*Captioned web images*:
————

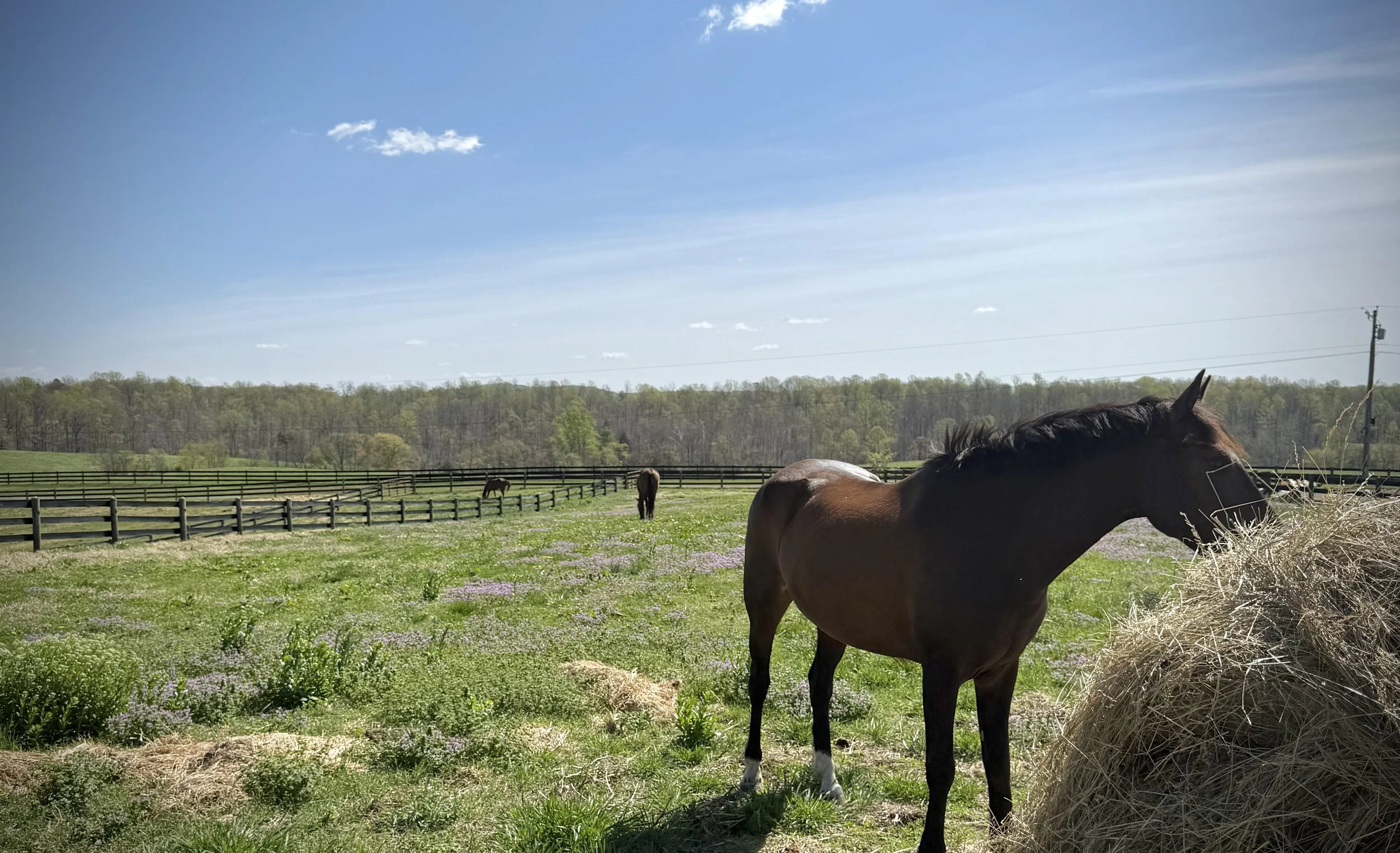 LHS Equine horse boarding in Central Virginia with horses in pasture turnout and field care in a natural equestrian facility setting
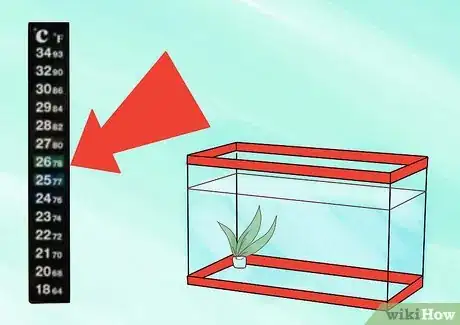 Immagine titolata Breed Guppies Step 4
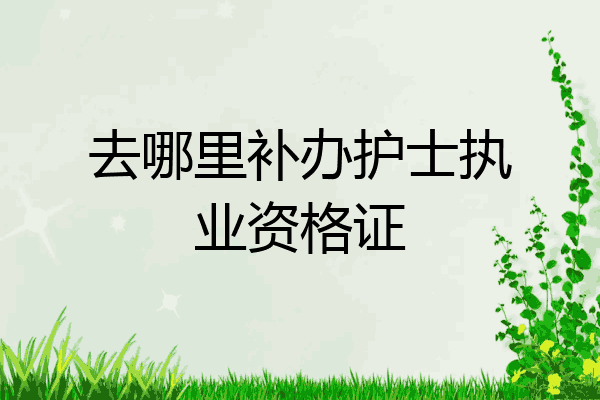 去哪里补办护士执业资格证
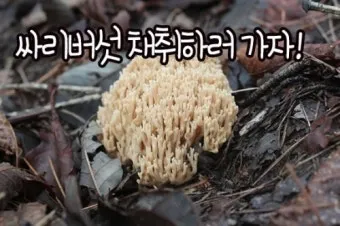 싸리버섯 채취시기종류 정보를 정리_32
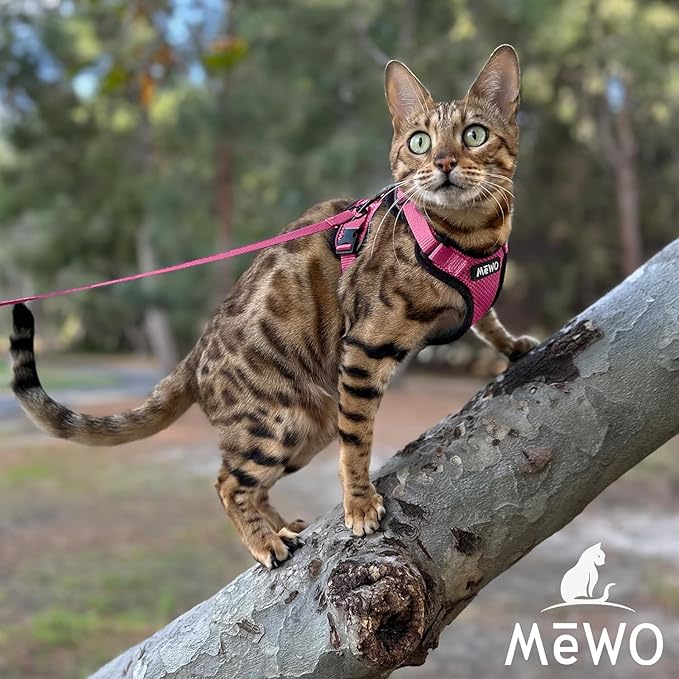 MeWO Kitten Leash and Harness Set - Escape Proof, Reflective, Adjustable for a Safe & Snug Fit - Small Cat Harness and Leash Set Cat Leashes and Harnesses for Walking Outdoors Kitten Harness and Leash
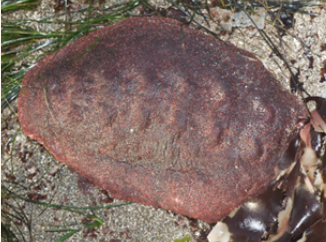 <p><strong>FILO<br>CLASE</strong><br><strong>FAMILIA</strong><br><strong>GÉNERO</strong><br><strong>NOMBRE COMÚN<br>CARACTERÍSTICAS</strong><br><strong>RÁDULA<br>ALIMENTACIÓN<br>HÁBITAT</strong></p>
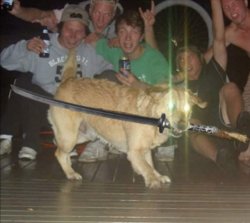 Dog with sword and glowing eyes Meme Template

————

*Problem to work on*: What you return should match the entries word for word, pictures aside.

*Output for this exercise*:
 LHS Equine horse boarding in Central Virginia with horses in pasture turnout and field care in a natural equestrian facility setting
 Immagine titolata Breed Guppies Step 4
 去哪里补办护士执业资格证
 싸리버섯 채취시기종류 정보를 정리_32
 MeWO Kitten Leash and Harness Set - Escape Proof, Reflective, Adjustable for a Safe & Snug Fit - Small Cat Harness and Leash Set Cat Leashes and Harnesses for Walking Outdoors Kitten Harness and Leash
 <p><strong>FILO<br>CLASE</strong><br><strong>FAMILIA</strong><br><strong>GÉNERO</strong><br><strong>NOMBRE COMÚN<br>CARACTERÍSTICAS</strong><br><strong>RÁDULA<br>ALIMENTACIÓN<br>HÁBITAT</strong></p>
 Dog with sword and glowing eyes Meme Template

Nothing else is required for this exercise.